LangGraph Tutorial (TypeScript): adding human-in-the-loop for advanced developers

By Cyprian AaronsUpdated 2026-04-22
langgraphadding-human-in-the-loop-for-advanced-developerstypescript

This tutorial shows you how to add a human approval gate into a LangGraph workflow in TypeScript, so your agent can pause before risky actions and continue only after review. You need this when the graph is allowed to draft an answer, but a person must approve edits, tool calls, or final output before the system moves forward.

What You'll Need

  • Node.js 18+
  • TypeScript 5+
  • langgraph
  • @langchain/openai
  • @langchain/core
  • An OpenAI API key set as OPENAI_API_KEY
  • A terminal that can run ts-node, tsx, or compiled Node output
  • Basic familiarity with LangGraph state graphs and conditional edges

Step-by-Step

  1. Start by defining a small state shape that includes both the model output and a human approval flag. The important part is that the graph can pause after generating a draft, then resume with a decision from outside the model.
import { StateGraph, START, END, Annotation } from "@langgraph/langgraph";
import { ChatOpenAI } from "@langchain/openai";
import { HumanMessage } from "@langchain/core/messages";

const State = Annotation.Root({
  input: Annotation<string>(),
  draft: Annotation<string | null>({
    default: () => null,
  }),
  approved: Annotation<boolean | null>({
    default: () => null,
  }),
});

type GraphState = typeof State.State;

const llm = new ChatOpenAI({
  model: "gpt-4o-mini",
  temperature: 0,
});
  1. Add one node to create the draft and one node to wait for human input.

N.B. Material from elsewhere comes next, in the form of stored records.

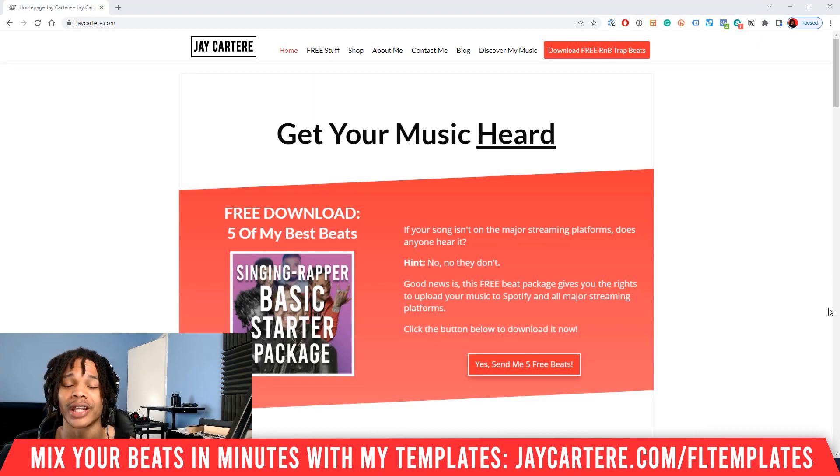If your 808 is feeling flat, not hitting hard enough, or not cutting through the mix, then this is the perfect video for you because I'm about to show you exactly how to fix these problems. By the end of this video, your 808 will be hitting violently. Mark my words.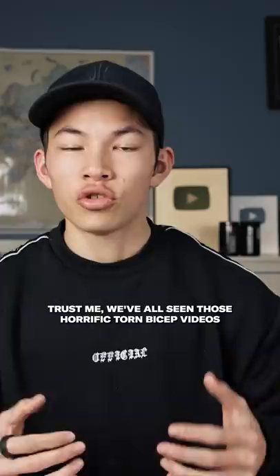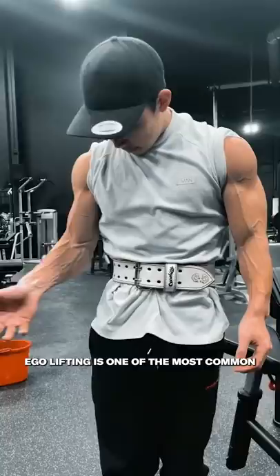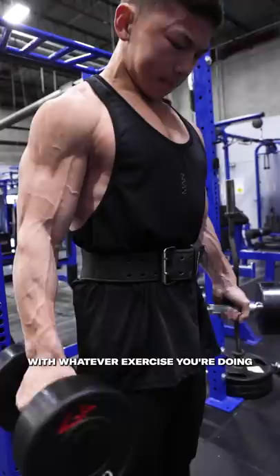Trust me, we've all seen those horrific torn bicep videos. Ego lifting is one of the most common yet one of the most easily preventable mistakes that young lifters make. With whatever exercise you're doing, the goal should be to bias the particular muscle group and eliminate as much of the other surrounding muscle groups as possible.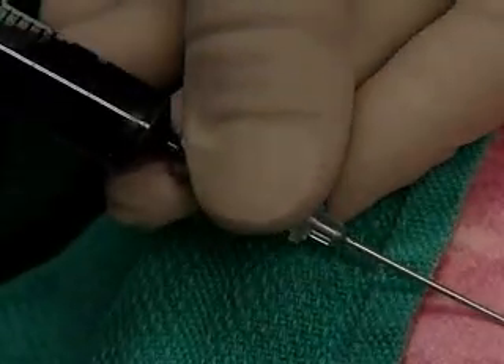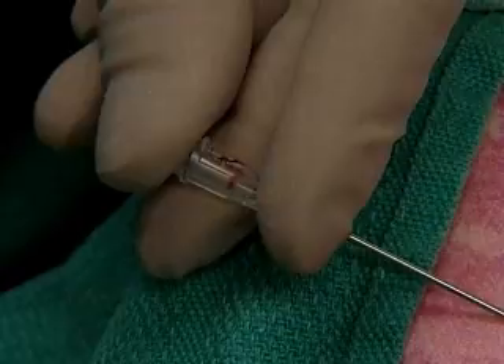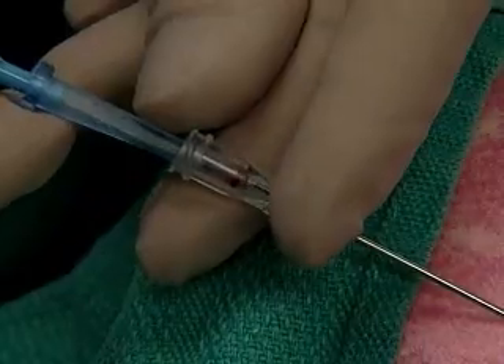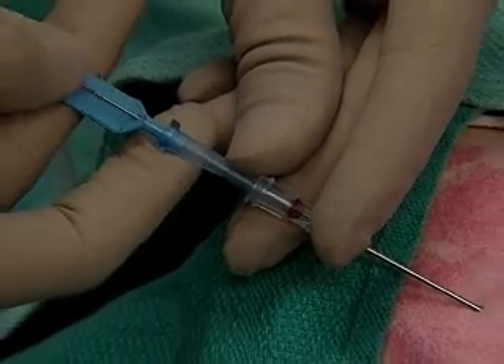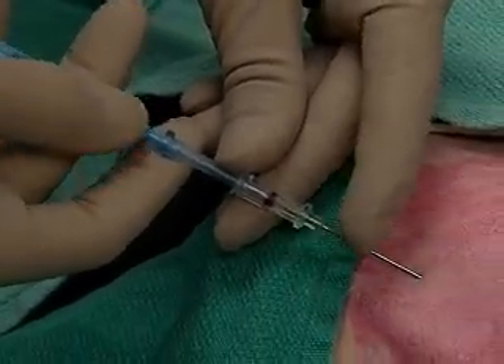Hold the needle securely, remove the syringe, and start feeding the wire. That 20 centimetre mark disappears into the needle, and we'll go just past that point.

In production, the “human” step is usually where you persist state, notify an operator, or stop execution until someone posts a decision back into the system.
async function draftNode(state: GraphState) {
  const response = await llm.invoke([
    new HumanMessage(`Draft a concise customer-facing reply for: ${state.input}`),
  ]);

  return {
    draft: response.content.toString(),
  };
}

async function humanReviewNode(state: GraphState) {
  console.log("\n=== HUMAN REVIEW REQUIRED ===");
  console.log("Draft:", state.draft);
  console.log("Approve this draft before sending it?");

  return {
    approved: null,
  };
}
  1. Use conditional routing to branch based on approval. This is the core pattern: once the graph reaches the review node, your application decides whether to continue or terminate.
function routeAfterReview(state: GraphState) {
  if (state.approved === true) return "send";
  if (state.approved === false) return "reject";
  return "wait";
}

async function sendNode(state: GraphState) {
  return {
    draft: `${state.draft}\n\n[Sent to customer]`,
  };
}

async function rejectNode(state: GraphState) {
  return {
    draft: `${state.draft}\n\n[Rejected by reviewer]`,
  };
}
  1. Wire the graph together with explicit edges for approve, reject, and wait states. Notice that the graph itself does not magically collect human input; your app has to supply that value on a later invocation.
const graph = new StateGraph(State)
  .addNode("draft", draftNode)
  .addNode("review", humanReviewNode)
  .addNode("send", sendNode)
  .addNode("reject", rejectNode)
  .addEdge(START, "draft")
  .addEdge("draft", "review")
  .addConditionalEdges("review", routeAfterReview, {
    send: "send",
    reject: "reject",
    wait: END,
  })
  .addEdge("send", END)
  .addEdge("reject", END)
  .compile();
  1. Run it in two phases: first generate the draft and stop at review, then resume with an approval decision. In a real service, phase one would persist state and phase two would be triggered by your admin UI or internal tooling.
async function main() {
  const initial = await graph.invoke({
    input: "A customer says they were charged twice for last month's invoice.",
    approved: null,
    draft: null,
  });

  console.log("\nFirst pass result:");
  console.log(initial);

  const approvedRun = await graph.invoke({
    input: "A customer says they were charged twice for last month's invoice.",
    approved: true,
    draft: initial.draft,
  });

  console.log("\nApproved result:");
  console.log(approvedRun);
}

main().catch(console.error);
  1. If you want real pause-and-resume semantics across requests, add a checkpointer and thread ID. That lets you store intermediate state and continue later without rebuilding everything in memory.
import { MemorySaver } from "@langgraph/langgraph";

const checkpointer = new MemorySaver();

const resumableGraph = new StateGraph(State)
  .addNode("draft", draftNode)
  

Keep learning

By Cyprian Aarons, AI Consultant at Topiax.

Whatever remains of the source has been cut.